Street Time's artistry accomplishes a greater degree of realism than any other contemporary show. However, realism is not even the main criterion of its value, which must be appraised primarily in terms of its moral messages. And here a critic must pause in consternation before offering any decisive judgment about the show.

Impacts on Viewers

This a violent show, mainly about people whose ideals and habits are raw, uncultivated. Whether we acknowledge it or not, every such show does influence people - and not only children. But is the influence for better or worse? It can go either way. I have gained insights from Street Time about the complex, contradictory, often unpredictable consequences of moral decisions. Most serious, thoughtful viewers who follow the whole series will probably become less judgmental after watching these characters and seeing how circumstantially constrained were their moral decisions and their fates. There are no heroes, but you'll come to feel compassion and affection for the characters.

Or not. You may simply prefer to experience something more pleasant than Street Time's relentless portrayals of violence. Of the friends who consented to watch the tapes in my living room, everyone agreed that the show was extremely well done, but the majority said they would never have watched it except to please me.

But apart from enjoyment, we must also question whether, and in what ways, the show influences viewers' ways of living. Here we must distinguish between two kinds of influence - the latent message (which must be drawn from the story by thoughtful viewers, usually after the show is over) and the simple suggestive effects that occur immediately while a viewer is seeing an action on the screen. Advertising is an example of the latter suggestive effect; an ad can stimulate one to imitate unthinkingly. The implicit meaning, on the other hand, must be inferred reflectively after the show.

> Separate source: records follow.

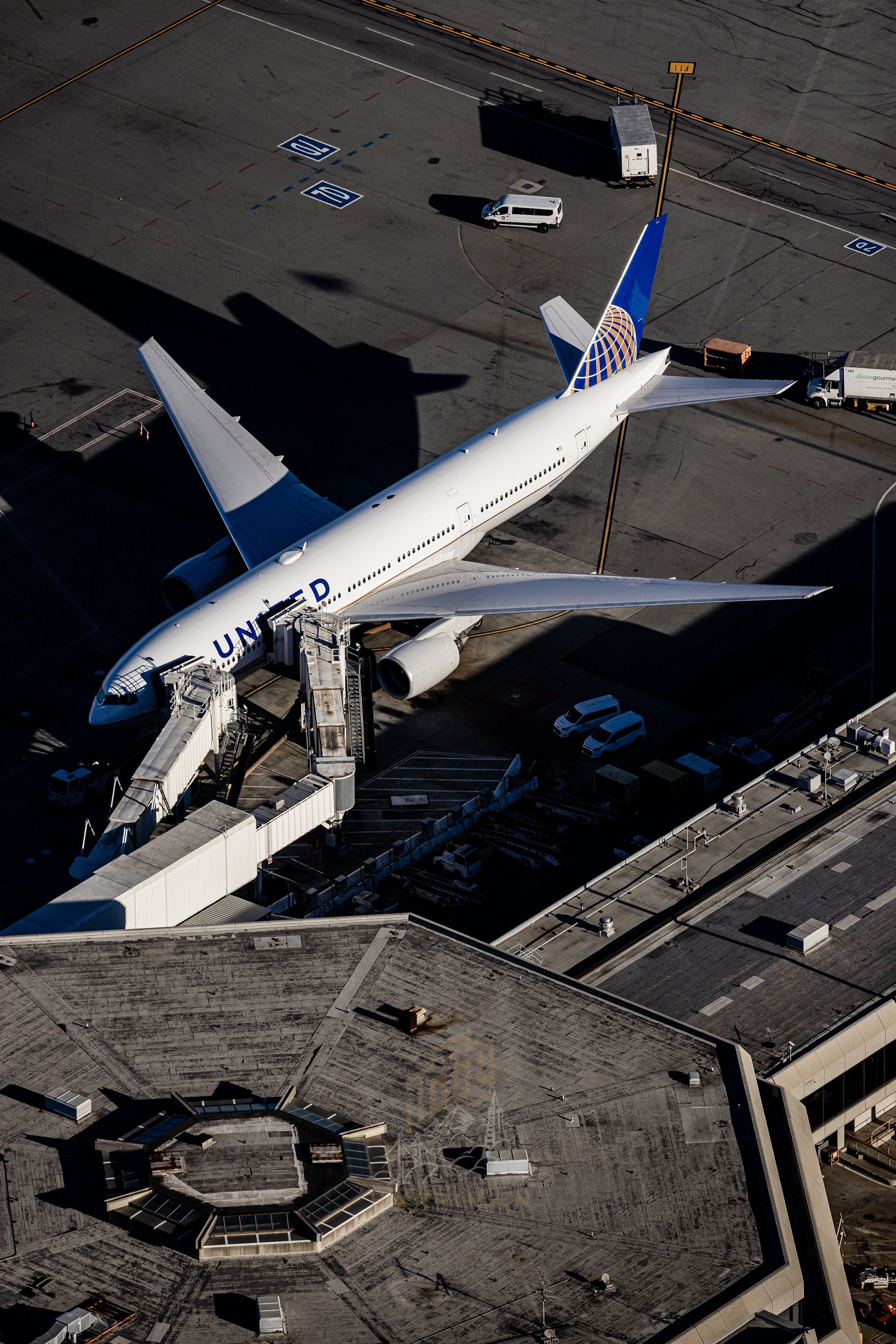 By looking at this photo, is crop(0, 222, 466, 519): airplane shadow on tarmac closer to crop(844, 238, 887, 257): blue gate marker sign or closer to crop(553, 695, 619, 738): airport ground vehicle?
crop(553, 695, 619, 738): airport ground vehicle

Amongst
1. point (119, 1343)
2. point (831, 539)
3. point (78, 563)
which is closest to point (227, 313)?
point (78, 563)

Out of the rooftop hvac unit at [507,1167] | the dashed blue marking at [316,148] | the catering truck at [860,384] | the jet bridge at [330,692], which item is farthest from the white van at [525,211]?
the rooftop hvac unit at [507,1167]

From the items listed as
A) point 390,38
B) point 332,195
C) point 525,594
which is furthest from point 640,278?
point 390,38

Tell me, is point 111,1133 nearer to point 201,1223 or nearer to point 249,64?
point 201,1223

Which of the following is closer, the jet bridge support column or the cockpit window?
the jet bridge support column

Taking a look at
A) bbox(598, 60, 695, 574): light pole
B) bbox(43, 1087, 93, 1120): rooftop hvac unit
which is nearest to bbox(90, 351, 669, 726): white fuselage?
bbox(598, 60, 695, 574): light pole

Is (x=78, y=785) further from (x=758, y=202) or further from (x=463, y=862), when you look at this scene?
(x=758, y=202)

Clearly, Street Time has both kinds of effects. Sophisticated viewers may derive beneficial moral insights from it - if they do think about it, which is probably uncommon. The other viewers will derive mainly harmful suggestive effects. We do not know how many people will become wiser for watching Street Time and how many will imitate it. However, the ratio would probably be unsettling, and most professionals in the TV industry understandably avoid speculating about it.

But in any case, it's clearly not the realism of a show that matters most, but the moral impact of the story it depicts, whether or not that impact can ever be ascertained.